The immediate, clear-cut answer is: it's just a blog, about my family, for my family and friends to enjoy.
But what if it's not? Now that I've started scratching that "writing itch," it gets my mind wandering throughout the day to the edges of possibility- those crazy, abstract places that used to send me skittering away behind that nasty block I've hidden behind whenever anything academic was required of me. I would always say to myself, I'm not a bad writer, I just hate doing it for school. And that is all very true, but I think it's about more than just my dislike of chewing up and spitting out information that is only vaguely interesting to me, in a format that I feel simultaneously claustrophobic within the limits of and too perfectionistic to work without. It's mostly about fear.
Fear of my limitations, and perhaps even more of my capabilities.
What happens if I really have something worthwhile to offer? Should I stick with my simple Mommy blog formula, with its cutesy stories and completely amateur pictures? Or should I come up with things to say, and say them?
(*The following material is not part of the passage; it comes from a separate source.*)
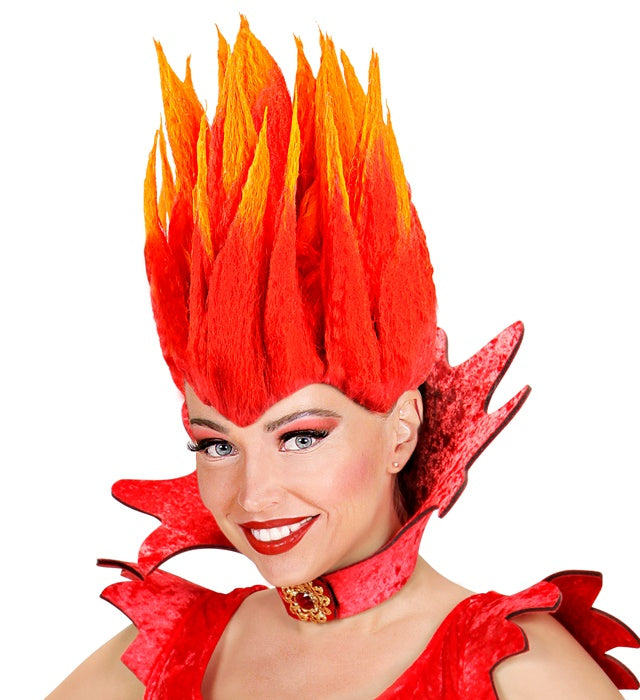 Rote Diablo-Perücke für Fasnacht und Halloween mit leicht zerzauster Optik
Or would I even reach anyone if I did?
I'll admit, as much as I keep reminding myself that "it's just a little blog for friends and family" in order to keep myself focused and plugging along, I'm spending more time than I'd like to admit, face to the computer screen, tracking those stats. I'm boasting a maximum of 39 page views for any one post, which, I'm quite certain include many of my own, despite my frequent attempts to instruct blogger not to count me. And I'm starting to feel frustrated about it, for reasons I can't quite understand.
I know that there are ways to get myself out there. To become a presence in the blogosphere. And I've begun to explore it now, myself, for the first time- reading other blogs, seeing what they're about. Which, I suppose, is what has spurred this little mini-crisis tonight. I'm asking the inevitable questions about how I compare to them, in terms of writing style, photography, quality of content.
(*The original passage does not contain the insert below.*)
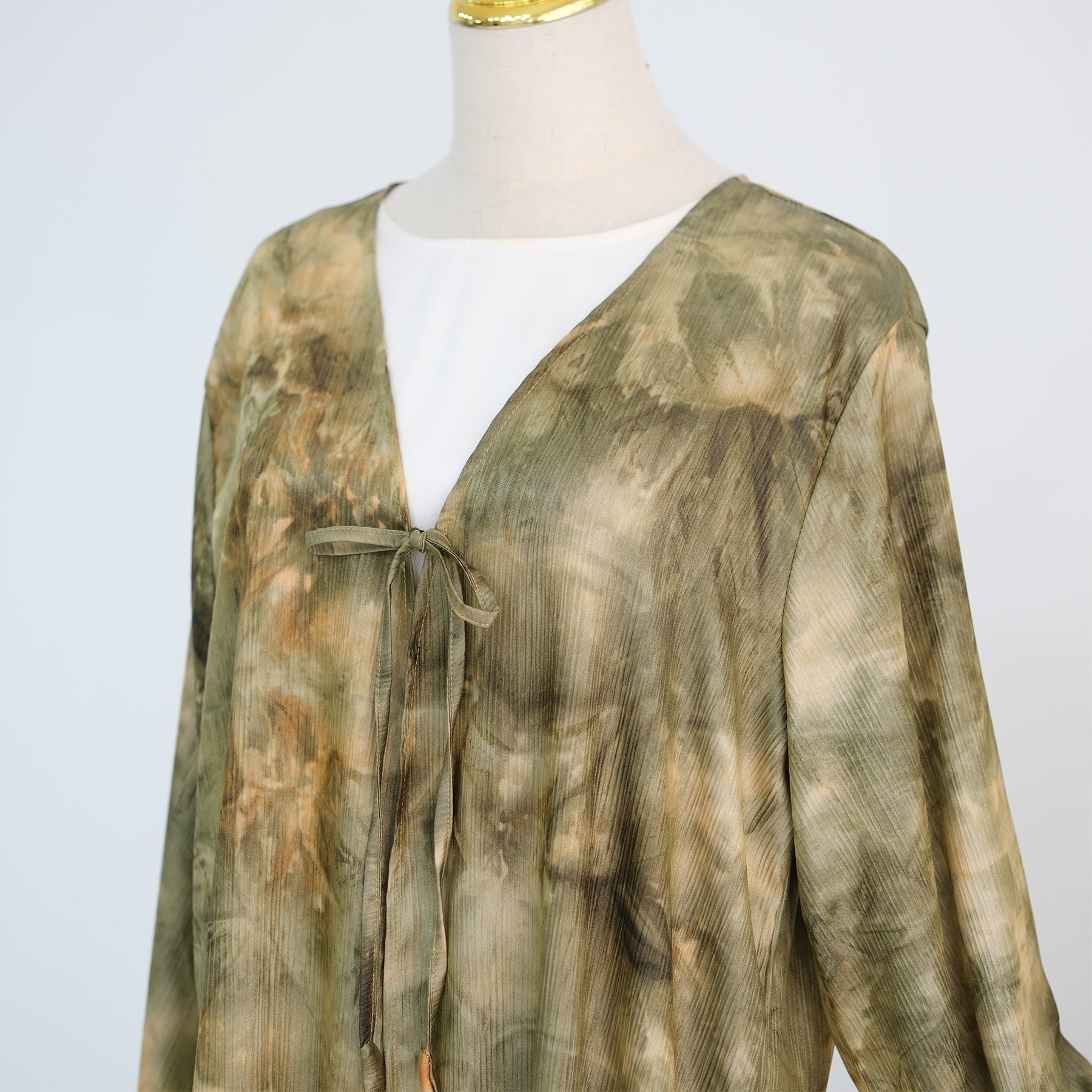 Tie-dye pleated floral lace-up cardigan LR1121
And what is the quality of my content? Well, it's about my family, which is everything to me. I suppose I shouldn't worry so much about what it is to anyone else, though I know that I will.
I do know one thing that I want in this blog above all else, though. And that is what is honest, and what is real. That I can promise, to myself; to my readers (however many there may be). And I suppose that is all the focus that I need right now.
That, and some quality time spent reminiscing about those kids of mine...
Recalling the joyous moment that Tom and I spent this morning, celebrating the momentous occasion of two back-to back shifts of over two hours from little Michael through the night (he slept from 8:30-11:30 and then from 12:00-3:30; it got a little touch-and-go after that but man, was that a victory).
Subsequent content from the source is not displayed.